→ **Prompt**
Exactly and only the lines from the line holding "Beige & Yellow" to the end of the records should be reproduced. Leave pictures out.

→ **Caption-style text data**
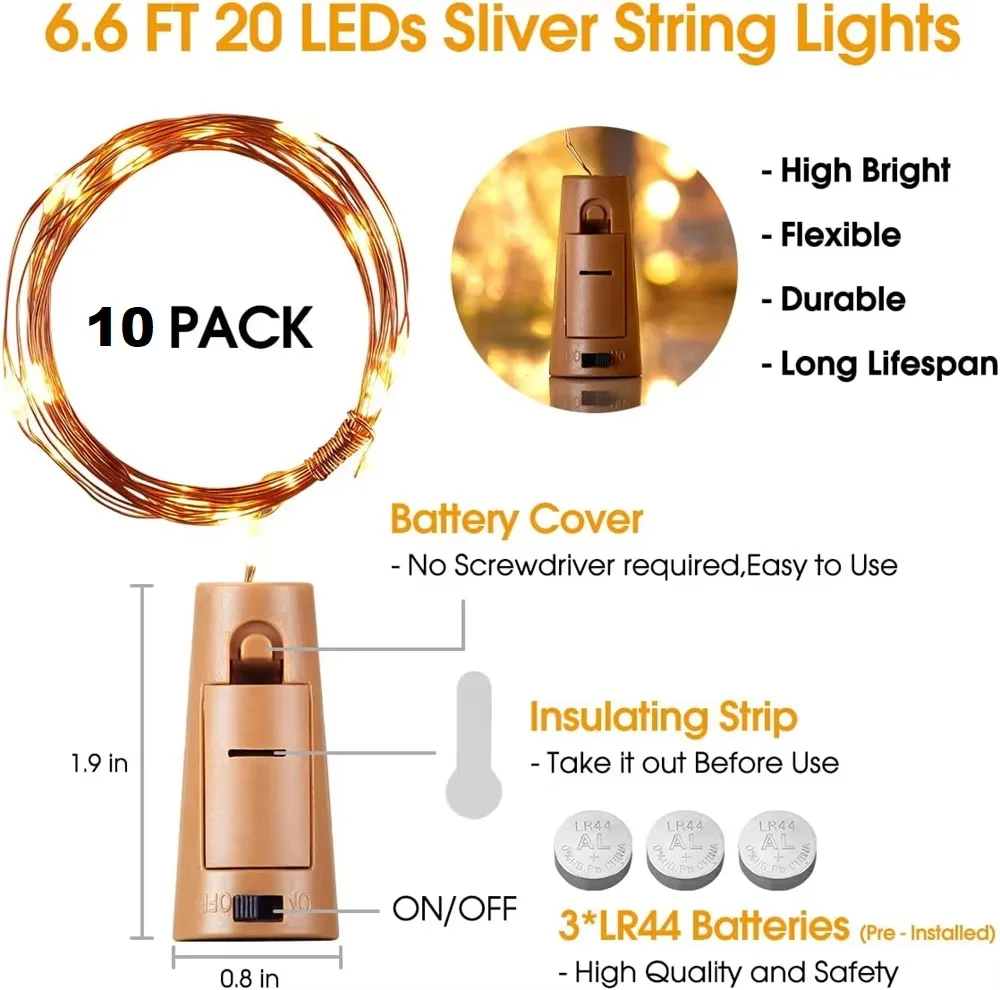 10 حزمة 20 LED أضواء الجنية الصغيرة أضواء زجاجة النبيذ مع أضواء عيد الميلاد الفلين لزجاجات الخمور حفل زفاف بار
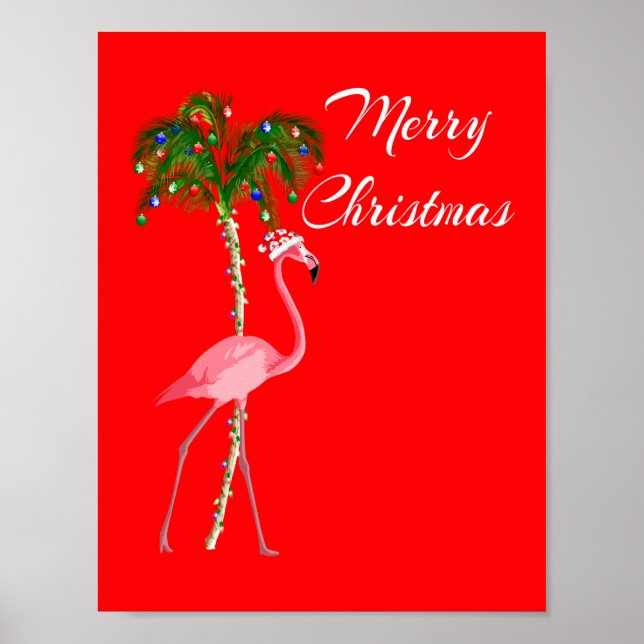 Poster Feliz Natal Flamingo (Frente)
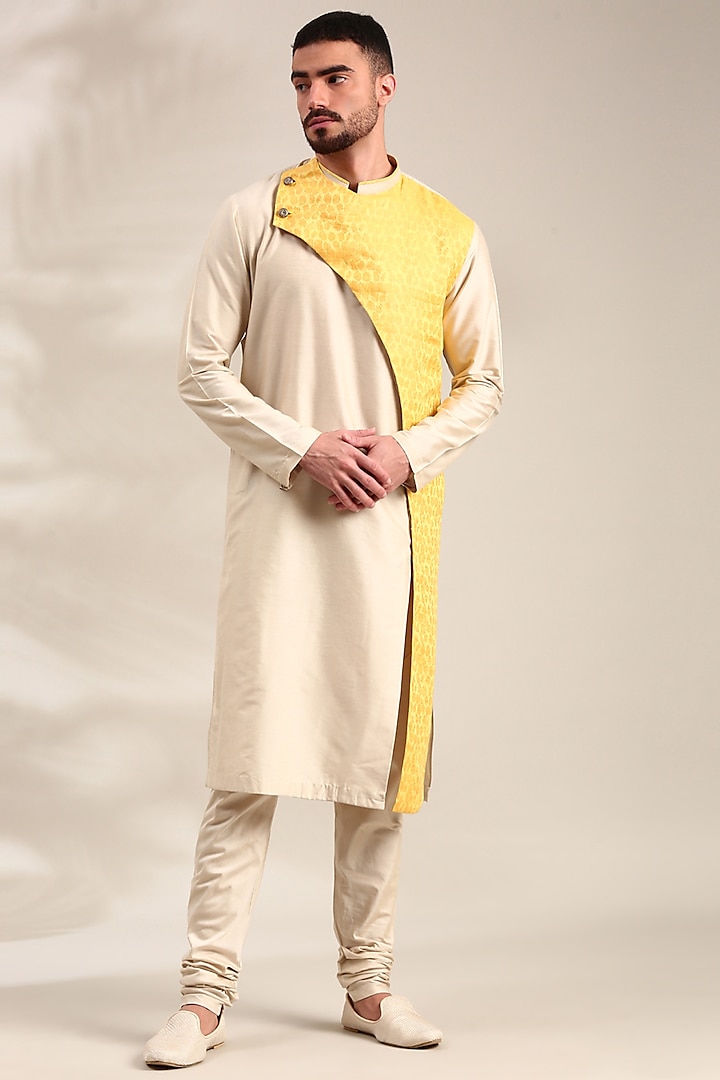 Beige & Yellow Silk Linen Kurta Set by Mayank Modi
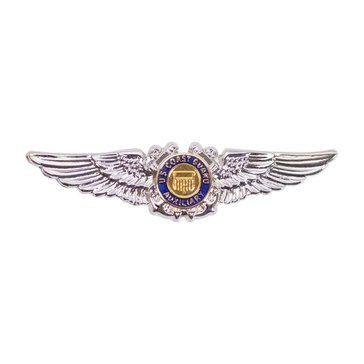 USCG Badge Miniature Aviation Wing Clutch Back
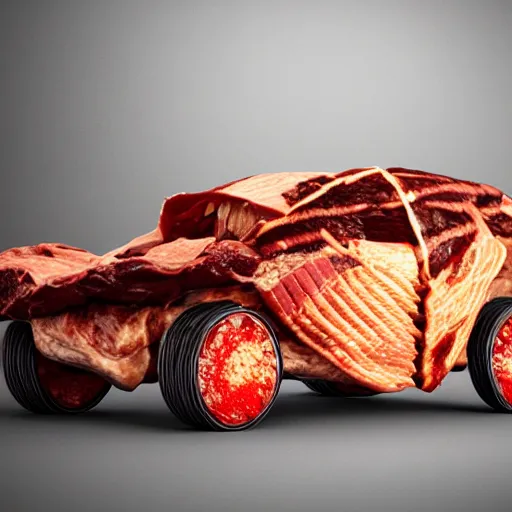 Prompt: car made of meat, 8 k, octane render, scary, dark, city in backround, meaty, very meaty, super super meaty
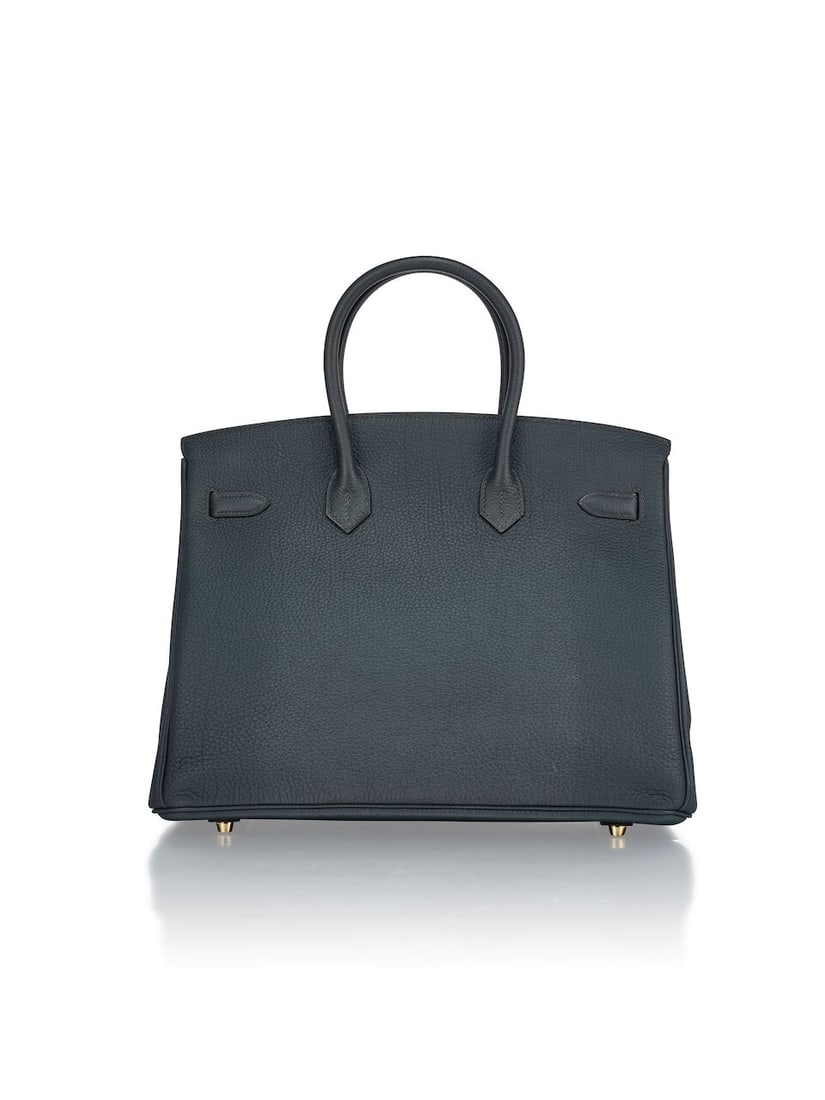 HERMÈS: VERT CYPRES TOGO BIRKIN 35 WITH GOLD HARDWARE 2012 (Includes keys, padlock, clochet... - 3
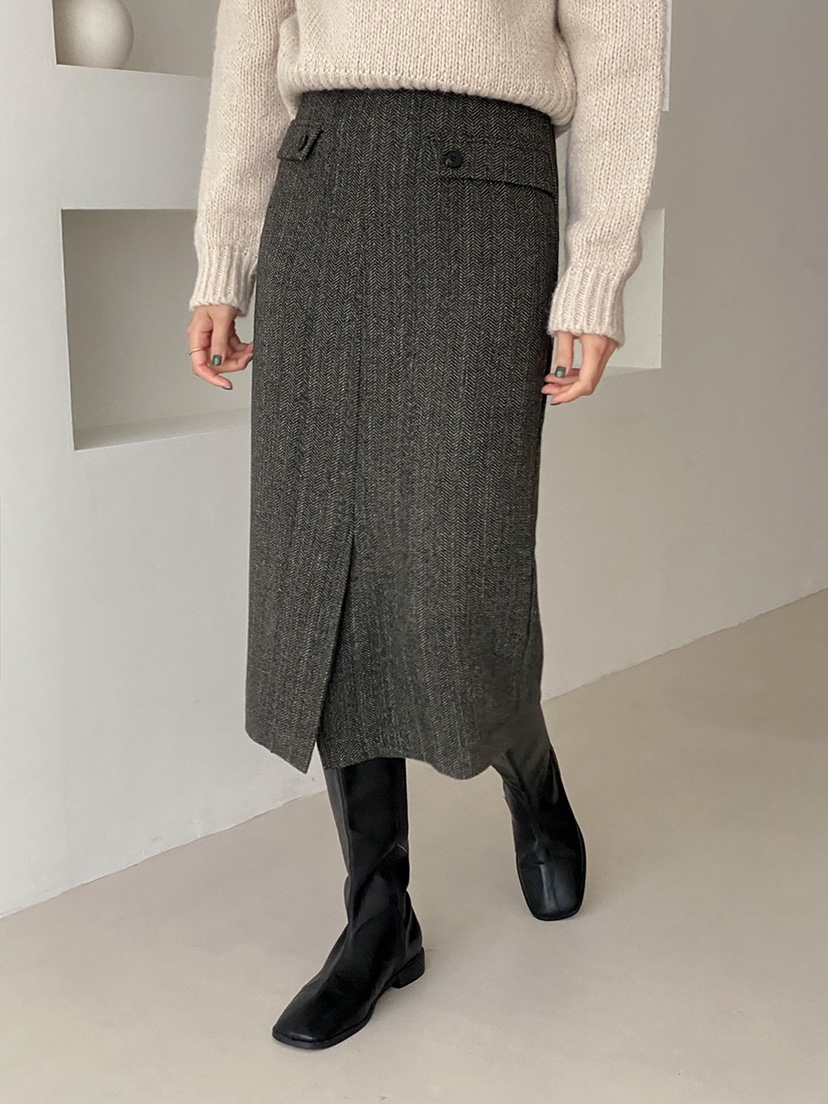 LIMSSONG東大門實拍女裝新品人氣休閑半身裙中短裙羊毛人字紋LIMSSONG半身裙/中短裙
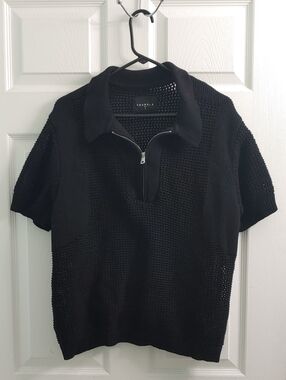 Young LA X Maison Black Open Knit Shirt Men's Short-Sleeve Half Zip Polo Size L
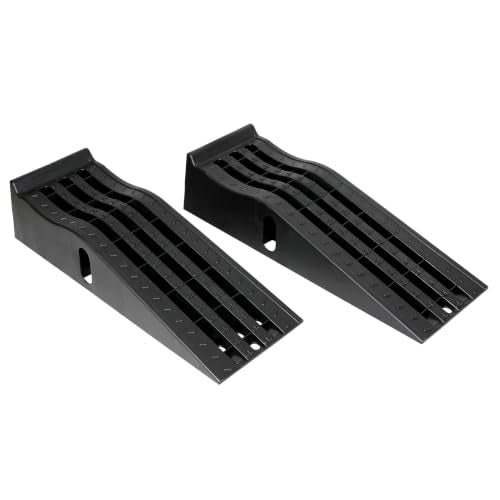 PR1ME Portable Car Ramps -9500lb GVW Capacity，2 Pack Drive Up Car Truck Vehicle Lifts for Home Garage Maintenance, Oil Changes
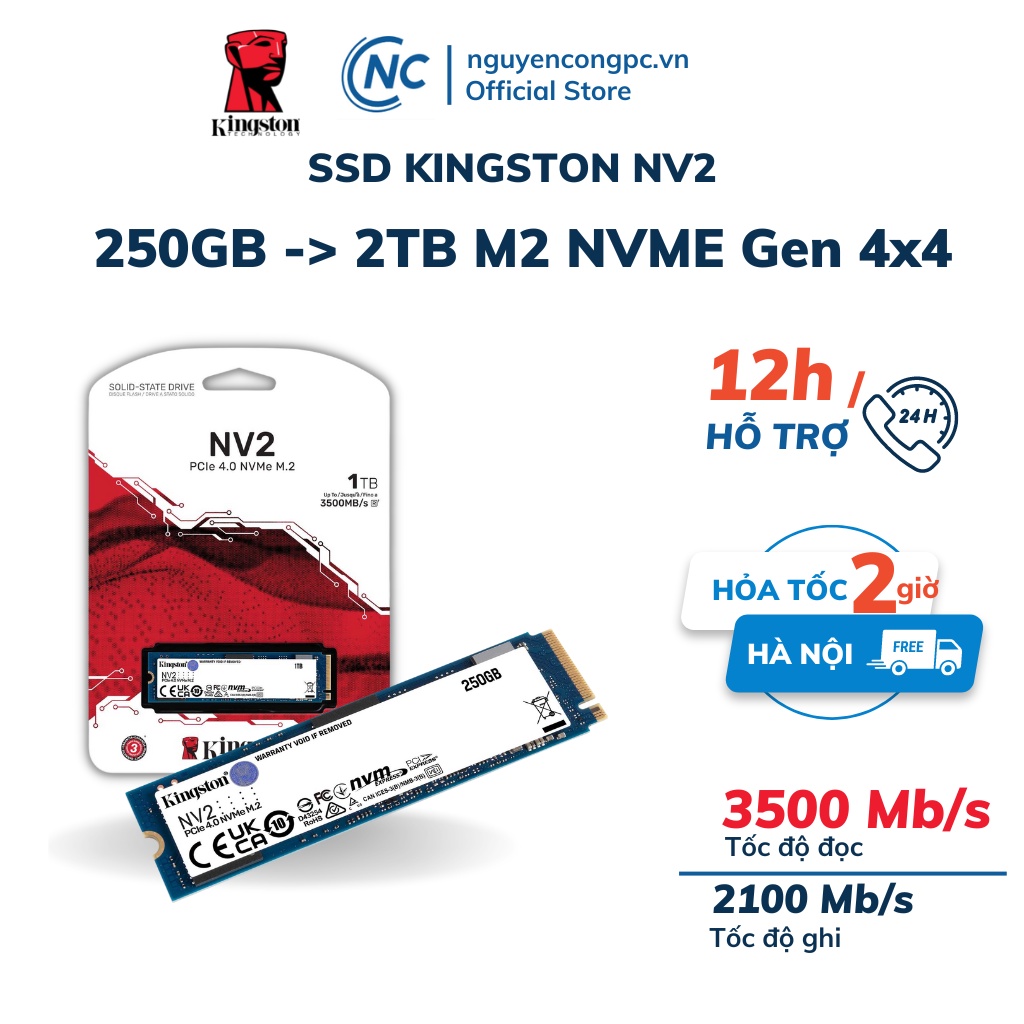 Ổ cứng SSD Kingston NV2 Nvme Gen 4x4 250GB 500GB 1TB tốc độ đọc/ghi lên tới 3.500/2.800 Mb/giây - Chính hãng BH 36T | BigBuy360 - bigbuy360.vn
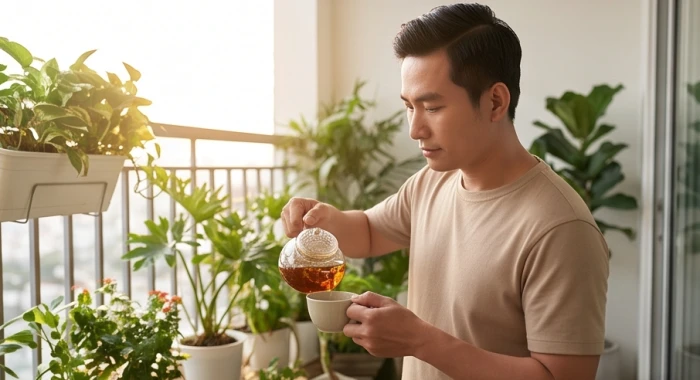 Người đàn ông tuổi Dần tĩnh tâm pha trà tại ban công ngập nắng để thư giãn tinh thần sau công việc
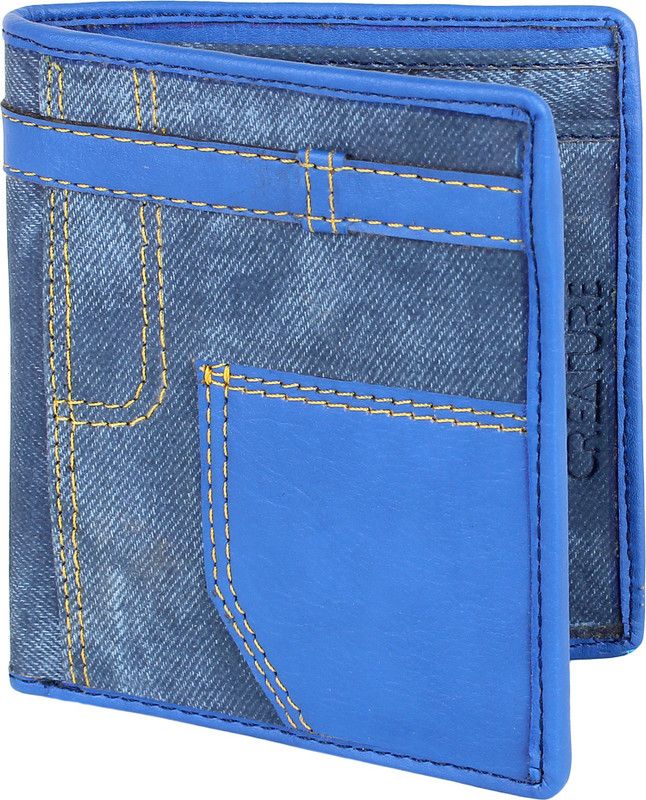 Men Casual Blue Artificial Leather Wallet - Mini  (6 Card Slots)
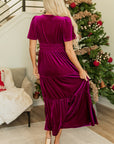 Velvet Shirred Waist Tiered Maxi Dress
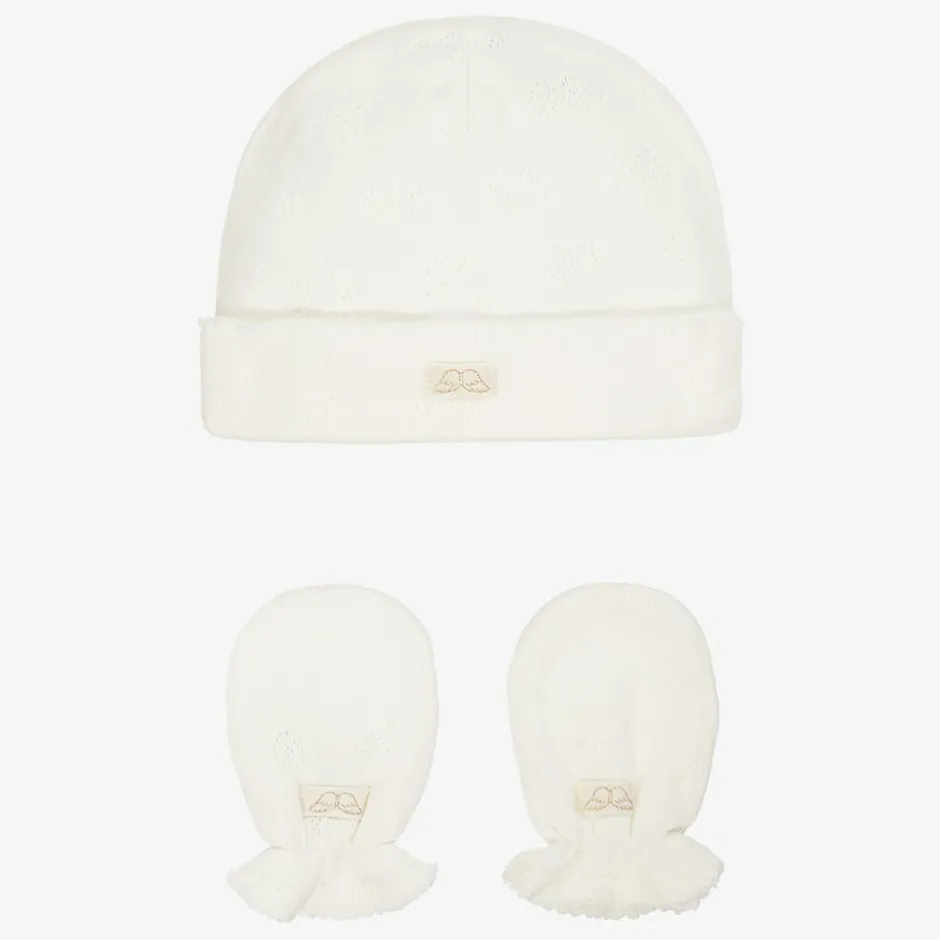 Marie-Chantal White Cotton Angel Wing Hat & Mittens Set Best
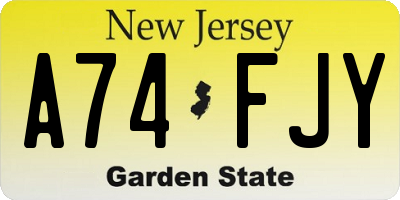 NJ license plate A74FJY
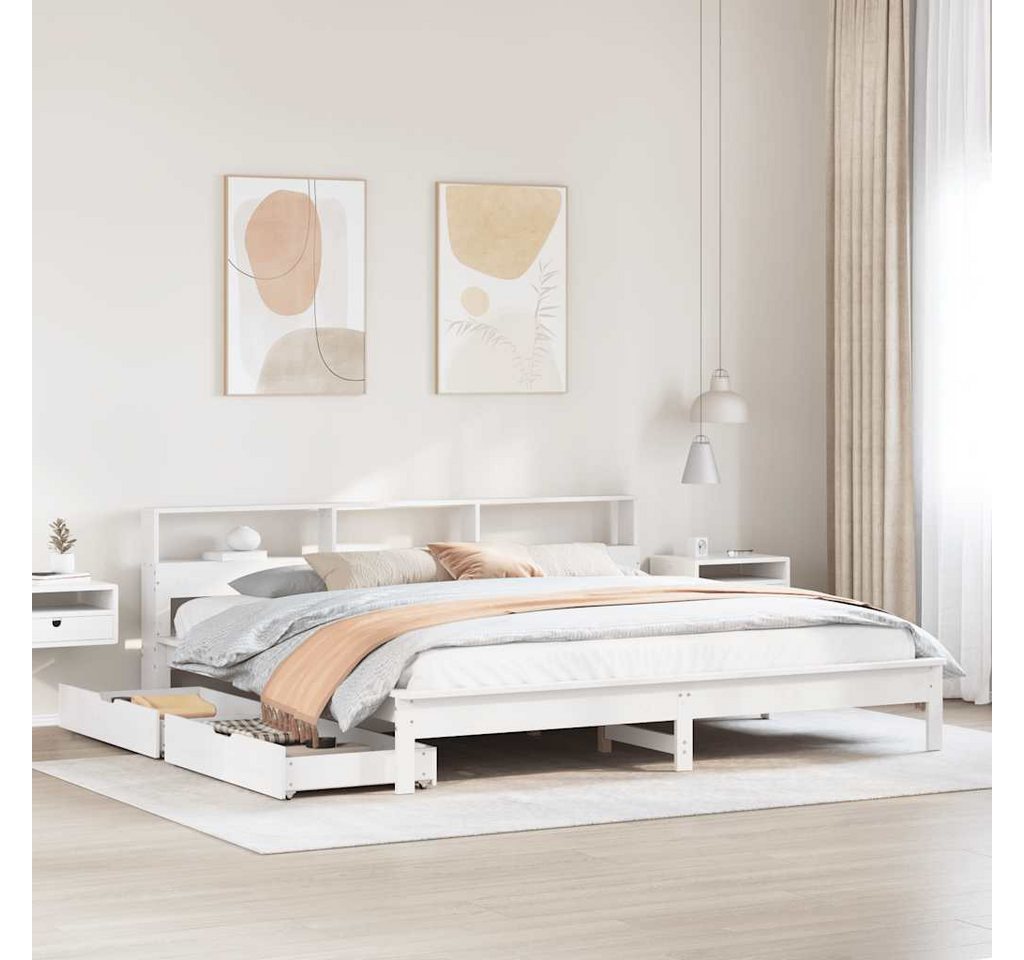 vidaXL Bett, Massivholzbett mit Regal ohne Matratze Weiß 180x200 cm Kiefer von vidaXL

→ **Answer for this exercise**
 Beige & Yellow Silk Linen Kurta Set by Mayank Modi
 USCG Badge Miniature Aviation Wing Clutch Back
 Prompt: car made of meat, 8 k, octane render, scary, dark, city in backround, meaty, very meaty, super super meaty
 HERMÈS: VERT CYPRES TOGO BIRKIN 35 WITH GOLD HARDWARE 2012 (Includes keys, padlock, clochet... - 3
 LIMSSONG東大門實拍女裝新品人氣休閑半身裙中短裙羊毛人字紋LIMSSONG半身裙/中短裙
 Young LA X Maison Black Open Knit Shirt Men's Short-Sleeve Half Zip Polo Size L
 PR1ME Portable Car Ramps -9500lb GVW Capacity，2 Pack Drive Up Car Truck Vehicle Lifts for Home Garage Maintenance, Oil Changes
 Ổ cứng SSD Kingston NV2 Nvme Gen 4x4 250GB 500GB 1TB tốc độ đọc/ghi lên tới 3.500/2.800 Mb/giây - Chính hãng BH 36T | BigBuy360 - bigbuy360.vn
 Người đàn ông tuổi Dần tĩnh tâm pha trà tại ban công ngập nắng để thư giãn tinh thần sau công việc
 Men Casual Blue Artificial Leather Wallet - Mini  (6 Card Slots)
 Velvet Shirred Waist Tiered Maxi Dress
 Marie-Chantal White Cotton Angel Wing Hat & Mittens Set Best
 NJ license plate A74FJY
 vidaXL Bett, Massivholzbett mit Regal ohne Matratze Weiß 180x200 cm Kiefer von vidaXL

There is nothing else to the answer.